I just discovered, thanks to Melody Godfred’s delightful Write in Color blog, an equally delightful series in The Guardian called Rules for Writers. The series features famous authors like Jonathon Franzen, Margaret Atwood, and Zadie Smith, who offer their shirt, pithy tips on writing.
Their advice reflect a certain practicality and sense of humour that must only come after “making it” in the big time. Some of my favourites:
You most likely need a thesaurus, a rudimentary grammar book, and a grip on reality. This latter means: there’s no free lunch. Writing is work. It’s also gambling. You don’t get a pension plan. Other people can help you a bit, but essentially you’re on your own. Nobody is making you do this: you chose it, so don’t whine.

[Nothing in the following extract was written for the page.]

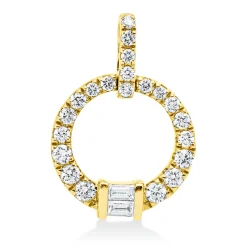 Anhänger aus 585 Gold Gelbgold 23 Diamanten 0,21ct W-SI/PI 15x10,2mm mit Öse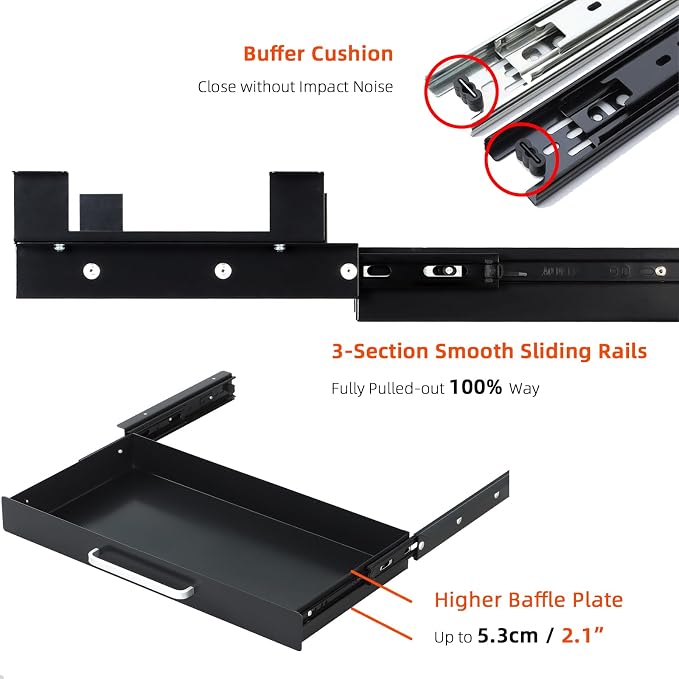 Under Desk Drawer 21" with 4 Divider Trays, Storage Drawer Organizer | Black, Under Counter, Desk Accessory, Attachable for Workbench, Adjustable Brackets, for Desk Lip with Crossbar, Clamp Mount - Image 6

You know that sickening feeling of inadequacy and over-exposure you feel when you look upon your own empurpled prose? Relax into the awareness that this ghastly sensation will never, ever leave you, no matter how successful and publicly lauded you become. It is intrinsic to the real business of writing and should be cherished.
Never use a verb other than “said” to carry dialogue. The line of dialogue belongs to the character; the verb is the writer sticking his nose in. But “said” is far less intrusive than “grumbled”, “gasped”, “cautioned”, “lied”. I once noticed Mary McCarthy ending a line of dialogue with “she asseverated” and had to stop reading and go to the dictionary.
Do, occasionally, give in to temptation. Wash the kitchen floor, hang out the washing. It’s research.